One particular client lasted only two sessions, until he realized that the type of coaching I was offering was not what he wanted. And then he never paid the invoice. And then I ran into him at a conference. And he said he wished he had listened to my advice in the first place. People don’t seem to want to talk about the big picture and look at their overall approach to their business — they just want a checklist. That wasn’t what I was interested in providing, so I moved on. I decided to focus on other areas of my life.

So in terms of income for 2014, my primary source has been writing for Consumerism Commentary. Since I sold the website in 2011, I’ve moved from an employee of the company that purchased the site, writing and advising on a variety of matters, to a paid-by-word freelancer with a responsibility for writing several articles a month plus a flat monthly fee for managing the website’s editorial system. And as the company’s budget for the website continued to shrink, I wrote less. Because I had committed to the second series of Naked With Cash, those four posts a month became the bulk of what Consumerism Commentary had to offer readers in 2014. Unfortunately, several of the Naked With Cash participants and experts did not match my commitment for whatever reason, and for me, the series was a big let-down this year.

That’s the main reason I’m not bringing it back in the beginning of 2015.

Another goal in 2014 was to explore forming a nonprofit organization. I’ve made some progress. I put together an initial board of directors (or trustees) and we’ve had a few meetings. I’ve formed the business entity, registered with the State of New Jersey, and successfully applied for 501(c)3 status. The mission, at least for now, is to support the development of young people into financially capable human beings through effective behavioral education, behavior modeling and reinforcement, and advocating for industry responsibility.

Here’s the issue: we can all agree that financial literacy is a problem in the United States. And as more and more newly-graduated adults find themselves starting their “real lives” in more debt they could possibly handle, there must be some type of education that could be provided to all children of a certain age in this country so they can avoid making poor choices with money and see financial success much sooner.

That theory has been proving wrong. Curricula in financial literacy aren’t ineffective. They have an effect, but it’s not a positive effect. Children who have the “benefit” of financial literacy in their education actually perform worse when managing their own money as adults. There have been a number of studies that come to this conclusion, but other studies conclude that even at best, financial literacy education doesn’t improve financial conditions later in life.

So the goal of my nonprofit is to take another path, recognizing that people don’t learn financial behaviors from courses in school or class trips to a bank. Children learn financial behavior from their role models. And the children at the most risk for future financial distress don’t have positive role models. How do you get positive role models into communities where that might not exist in a family setting? One possibility is working with organizations that all ready provide role models, like Big Brothers Big Sisters. Any other attempt to introduce community-acceptable role models into low socio-economic status neighborhoods might be too much of a challenge.

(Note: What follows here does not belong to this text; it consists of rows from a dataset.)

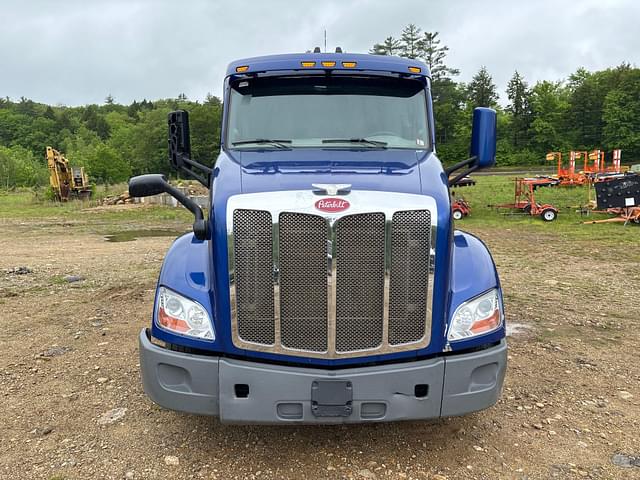 Image of Peterbilt 579 equipment image 1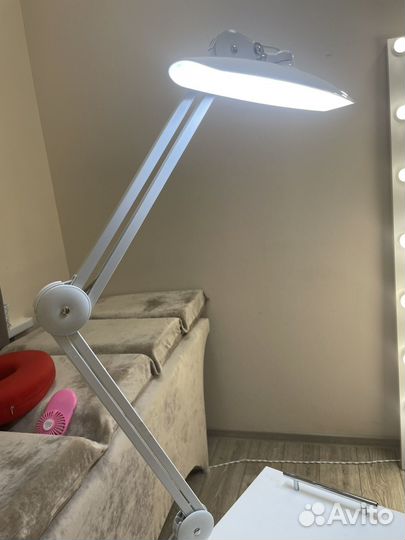 Лампа настольная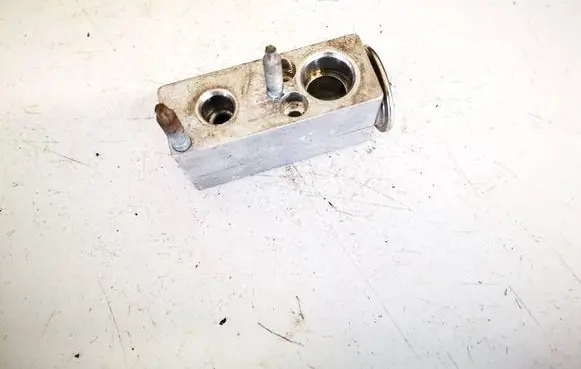 Citroen C3 Air conditioning (A/C) expansion valve 70220451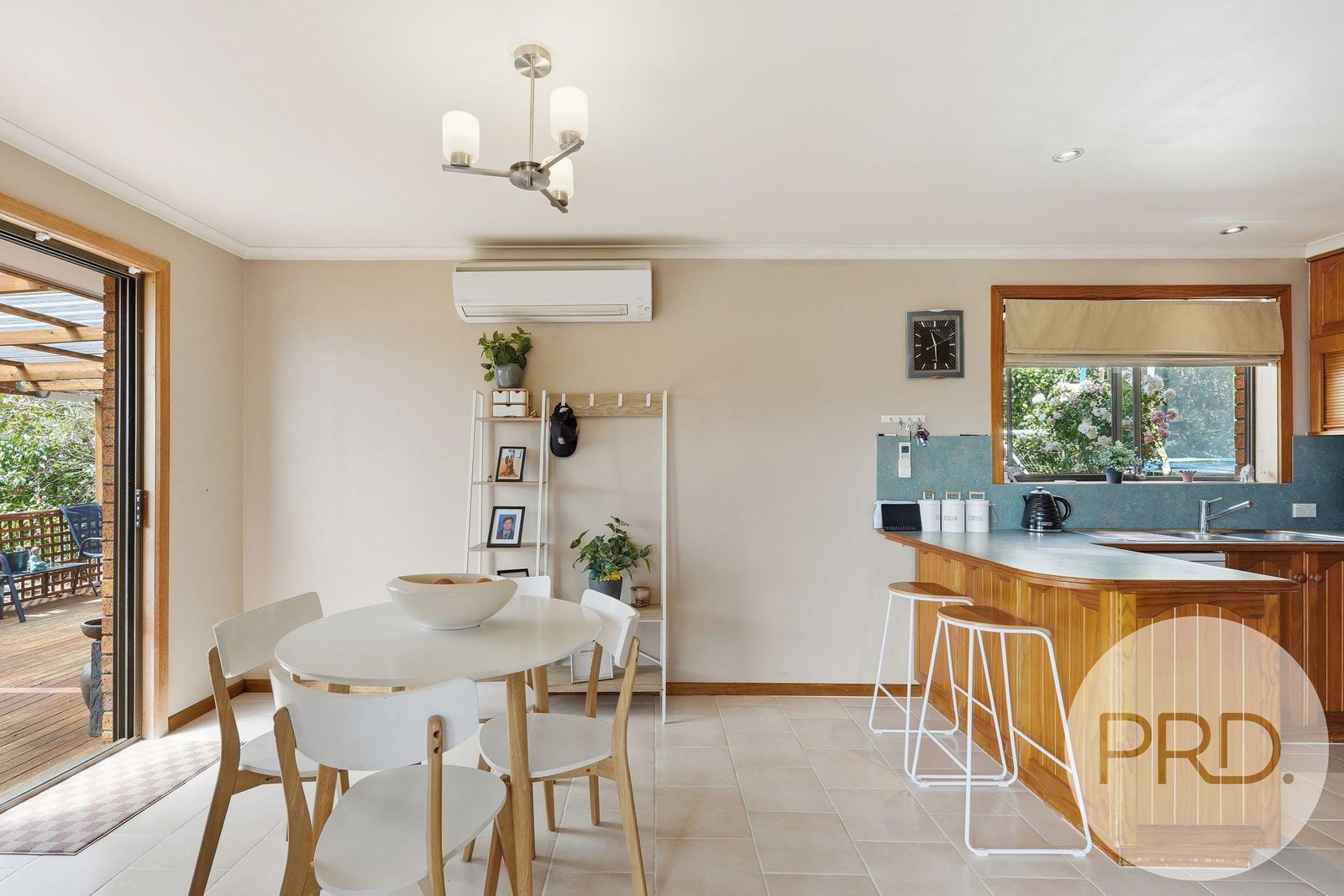 12 Kallay Court BERRIEDALE 10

There is a long path ahead for this nonprofit idea. I’ve also concluded that I have no interest in spending the rest of my life fundraising, so that is one concern. But in the coming year, I’ll explore this further.

At the end of last year, I set aside some money as a donation to my alma mater. I strongly feel that my college education played an important role in forming my identity as an adult, even if like many people my degree and course of study aren’t related to what I do today professionally. I mixed my passion for personal finance with my undergraduate major in music education and came up with an interesting solution. Because I believe that degrees that require internships can be somewhat unfair for students who can’t afford to spend a semester working for free, I took the first step in establishing an annual stipend for an internship. This way, a student who has an opportunity who work with one of the best arts organizations, most of which are located in expensive cities, doesn’t have to worry as much about how they’re going to pay their bills during that internship period.

My interaction with the university also provided me with an interesting opportunity. Last year, I visited my undergraduate college’s new entrepreneurial program and gave a talk to a number of students, sharing my experiences as an “accidental entrepreneur.” My story was significantly different than those of the typical business leaders invited by the university, so it may have helped the students think a little differently about their potential path as, well, mostly start-up founders.

This past year, I continued my personal training and improved my nutrition. This year, I’ve seen some physical improvements. This hard work, working with a personal trainer three times a week and changing the way I eat, is starting to pay off. I thought I would have seen results faster, but I’ll take what I can get.

I wanted to spent more time this year focusing on my personal relationships. When I wrote these goals, it was just a few weeks after a long-term, long-distance relationship ended. It was a couple of months before I entered a new, even longer-distance relationship. I spent a lot of time traveling this year. And I found myself really needing to be the best partner I could be. We’re very happy together, but distance in a relationship can be very painful. Besides a romantic relationship, there are other people in my life, friends and family.

When I set these goals at the end of last year, I intended to do a better job maintaining some of those relationships. Balancing that has been difficult as I try to spend as much time as possible with my girlfriend, as time with her is too rare.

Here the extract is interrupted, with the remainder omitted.